I have a new EC-Council course available via their CodeRed platform. The name of the course is Securing a Data Warehouse in Azure Synapse Analytics and it provides a rather detailed overview of security functionality in the product.
The impetus behind this course is that Azure Synapse Analytics is a huge platform, and when it comes to security, you need to think about:
- Who gets what access to the underlying resources (like data lake storage)?
- Who gets what access to the Synapse workspace?
- Who can create and destroy dedicated SQL pools and Spark pools?
- Who gets what access to data in dedicated SQL pools, Spark pools, and the serverless SQL pool?
- How do we prevent unauthorized access to resources?
- How do we deploy resources without the general public being able to access them?
- How do we securely collect information from external sources like Azure SQL Database, Cosmos DB, and on-premises servers?
- How do we ensure business continuity: disaster recovery and high availability?
That’s page one of 50 for a security review… My goal in this course is to provide an 80-40 solution for Azure Synapse Analytics security.
An 80-40 Solution?
There are two key variables in creating a training program: breadth and depth. There are also implicit and explicit constraints for solutions. As an example of an explicit constraint, the EC-Council requested that I not record a video longer than 15 minutes, as they’ve found that number to be about the maximum timespan before a person loses interest. Certain groups also have constraints on how they’d like a program to be structured: so many videos in a module, how we structure modules (e.g., two lessons in a chapter or three modules in a section), and the scope of a course.
When it comes to implicit constraints, these aren’t things you necessarily say out loud but they’re lurking behind the scenes. For example, a training course will often be 4-8 hours long, as the time and energy needed to create a 50-hour course way surpasses the return on investment in most cases. Similarly, we often cover the most significant cases in a training course, only sometimes touching on edge cases when they’re relevant. That can be frustrating if you get caught in an edge case, but the instructor may not know about or be able to fit in every possible failure scenario and how to extricate yourself from it.

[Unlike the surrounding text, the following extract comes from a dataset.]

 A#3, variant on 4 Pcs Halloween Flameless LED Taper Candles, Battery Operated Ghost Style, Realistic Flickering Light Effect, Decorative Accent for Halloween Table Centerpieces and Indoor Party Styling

With those constraints in mind, we have to decide on just how much breadth and how much depth we want to cover in the course. There is a natural trade-off between breadth and depth, and choosing to focus on one is at the exclusion of the other. This is a necessary fact of life, as we rarely encounter 100-100 solutions, in which we cover the entire breadth of a topic as well as all of the possible depth of a topic. That’s because we typically have a fixed amount of time, such as 4 hours for an online course or one semester of meeting for an hour twice a week at a college. And even if you think something is exhaustive of a topic, there are “neighboring” topics of interest. When it comes to security on a platform, even if you enumerate every possible setting of an application, you then have any external interfaces, interaction with user access controls, networking information, backup and recovery, and so much more.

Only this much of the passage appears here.